Caroline Gérard vit à Avignon. Elle publie chaque matin sur Facebook un texte sur le saint ou la sainte du jour. Elle s’explique dans cette « note d’intention ». Elle déclamera quelques-uns de ses textes lors du Printemps bénuchot, le 8 juin 2019, jour de la saint Médard, dont seuls les aliborons ignorent qu’il était évêque de Noyon.
De nos jours, on souhaite plutôt les anniversaires que les fêtes mais les saints s’accrochent toujours à leur place dans le calendrier. À part quelques figures célèbres, on ignore pour la plupart ce qui leur a valu d’être gratifié d’une auréole.

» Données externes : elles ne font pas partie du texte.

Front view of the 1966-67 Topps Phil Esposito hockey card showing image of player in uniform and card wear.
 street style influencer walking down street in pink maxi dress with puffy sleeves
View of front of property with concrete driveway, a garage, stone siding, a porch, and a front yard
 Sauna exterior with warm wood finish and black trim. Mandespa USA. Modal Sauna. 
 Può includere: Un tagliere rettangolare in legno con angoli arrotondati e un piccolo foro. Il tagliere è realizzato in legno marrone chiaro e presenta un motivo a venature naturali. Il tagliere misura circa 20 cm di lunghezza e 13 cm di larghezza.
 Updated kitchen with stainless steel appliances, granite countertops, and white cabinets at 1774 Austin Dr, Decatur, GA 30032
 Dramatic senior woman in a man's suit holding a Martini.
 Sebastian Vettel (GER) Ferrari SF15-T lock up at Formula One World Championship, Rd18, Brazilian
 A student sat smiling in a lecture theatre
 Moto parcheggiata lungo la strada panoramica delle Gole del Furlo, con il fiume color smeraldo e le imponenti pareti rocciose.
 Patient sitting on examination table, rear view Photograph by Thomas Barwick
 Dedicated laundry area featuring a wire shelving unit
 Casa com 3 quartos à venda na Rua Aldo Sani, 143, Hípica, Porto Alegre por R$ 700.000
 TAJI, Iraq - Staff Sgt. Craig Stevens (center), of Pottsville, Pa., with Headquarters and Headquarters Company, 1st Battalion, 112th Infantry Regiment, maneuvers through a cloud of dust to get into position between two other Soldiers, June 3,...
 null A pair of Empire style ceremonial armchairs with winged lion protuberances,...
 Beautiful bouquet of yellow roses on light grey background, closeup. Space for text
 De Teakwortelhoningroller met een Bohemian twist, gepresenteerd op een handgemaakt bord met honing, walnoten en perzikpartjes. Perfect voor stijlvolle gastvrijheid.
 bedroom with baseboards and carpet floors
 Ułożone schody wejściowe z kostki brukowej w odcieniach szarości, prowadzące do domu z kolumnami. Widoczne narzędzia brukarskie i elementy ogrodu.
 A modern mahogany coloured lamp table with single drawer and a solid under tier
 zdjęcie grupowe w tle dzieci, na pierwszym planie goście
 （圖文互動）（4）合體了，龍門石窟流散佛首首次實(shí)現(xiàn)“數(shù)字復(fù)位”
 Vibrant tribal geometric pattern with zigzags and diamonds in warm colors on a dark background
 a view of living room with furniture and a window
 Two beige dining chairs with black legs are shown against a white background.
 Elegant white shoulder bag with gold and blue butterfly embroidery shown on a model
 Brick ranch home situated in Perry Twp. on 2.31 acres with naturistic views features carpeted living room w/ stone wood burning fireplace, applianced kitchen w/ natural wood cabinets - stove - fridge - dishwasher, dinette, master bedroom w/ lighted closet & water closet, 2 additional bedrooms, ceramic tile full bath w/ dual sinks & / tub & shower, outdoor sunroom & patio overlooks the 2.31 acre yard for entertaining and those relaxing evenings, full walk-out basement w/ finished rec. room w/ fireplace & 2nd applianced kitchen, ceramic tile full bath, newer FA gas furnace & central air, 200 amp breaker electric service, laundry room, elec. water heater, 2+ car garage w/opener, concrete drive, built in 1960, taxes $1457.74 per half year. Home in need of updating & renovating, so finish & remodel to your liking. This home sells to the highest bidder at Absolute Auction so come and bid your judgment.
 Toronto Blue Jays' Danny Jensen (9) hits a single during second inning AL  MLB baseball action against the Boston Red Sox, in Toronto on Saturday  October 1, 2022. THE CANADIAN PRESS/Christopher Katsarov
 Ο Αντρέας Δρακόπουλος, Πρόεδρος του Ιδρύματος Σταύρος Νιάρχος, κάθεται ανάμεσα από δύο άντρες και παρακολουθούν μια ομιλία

Voici quelques années, je me suis mise à fouiller dans les textes hagiographiques, et en premier lieu bien sûr, dans La Légende dorée de Jacques de Voragine. Quand leur vie était assez pittoresque, je la réécrivais dans un français plus moderne, ajoutant des onomatopées pour bruiter certaines actions, commentant très discrètement certains faits. J’avais soumis ces premiers textes à mon ami Pierre Autin-Grenier qui avait écrit un journal poétique, Les Radis bleus (Le Dé bleu, rééd. Folio, puis Les Carnets des Desserts de Lune), où les dates immanquablement étaient accompagnées du saint du jour. Pour lui, bien qu’athée, cette mythologie était importante. Il m’avait encouragée dans mes premiers essais pour l’ironie et la fantaisie qui s’y cachaient. Puis Pierre Autin-Grenier nous a quittés, et mes saints ont sommeillé pendant quelques années, jusqu’au jour où j’ai décidé de les sortir de leur torpeur et de leur donner un public plus large. C’est ainsi que je les ai publiés sur Facebook, au fil du calendrier, souhaitant à chaque fois une bonne fête au porteurs des prénoms du jour. J’ai progressivement abandonné La Légende dorée comme unique source pour aller chercher d’autres saints dans les traditions locales (Bretagne, Grande-Bretagne, Provence, etc.). La « famille » s’est progressivement agrandie pour compter à ce jour 123 membres.
Aux premiers temps du christianisme, les saints et saintes jouèrent un rôle crucial dans l’élaboration de la toute nouvelle religion. Ces femmes et hommes convertis prêts à sacrifier leurs vies dans d’horribles souffrances pour gagner une auréole, et donc une place au paradis, ne pouvaient que représenter des exemples à suivre. Dans les récits qui étaient rapportés, les tortures infligées tenaient une place importante. On retrouve là un ingrédient vieux comme le monde : la violence est un moyen de capter l’attention. Puis, pour faire prospérer cette religion, il fallait qu’elle soit en quelque sorte « décentralisée ». Alors, des légendes populaires se métamorphosèrent en histoires saintes dans toute l’Europe : le merveilleux qu’on appela « miracle » fut l’autre ingrédient indispensable à l’implantation de la foi chrétienne dans les coins les plus reculés du continent. L’autre utilisation des saintes et saints fut aussi celle de faire entrer de l’argent dans l’organisation. En effet, comme l’avaient fait précédemment les Grecs, on créa des lieux de pèlerinage grâce au système des reliques. Quelques bouts d’os suffisaient à assurer la prospérité d’un lieu. Quand on n’en avait pas, on n’hésitait pas à les voler, comme ce fut le cas pour les restes de sainte Foy, qui assurent encore aujourd’hui la richesse touristique de Conques. Pudiquement, à propos de ces larcins, on utilisait l’euphémisme « translation furtive ».
Ces récits hagiographiques remaniés par mon regard d’athée du XXIe siècle forment à présent un recueil. Son but premier est de mettre en lumière des récits souvent oubliés, mais aussi de distraire avec ces aventures où se mêlent souvent les ingrédients qui font aujourd’hui le succès des séries TV : le fantastique, le gore, les bons sentiments, l’amour... Les saintes et saints qui y sont traités relèvent d’un choix purement arbitraire, qui n’est pas lié à leur renommée ou leurs origines, mais à l’aspect pittoresque de divers éléments de leur vie.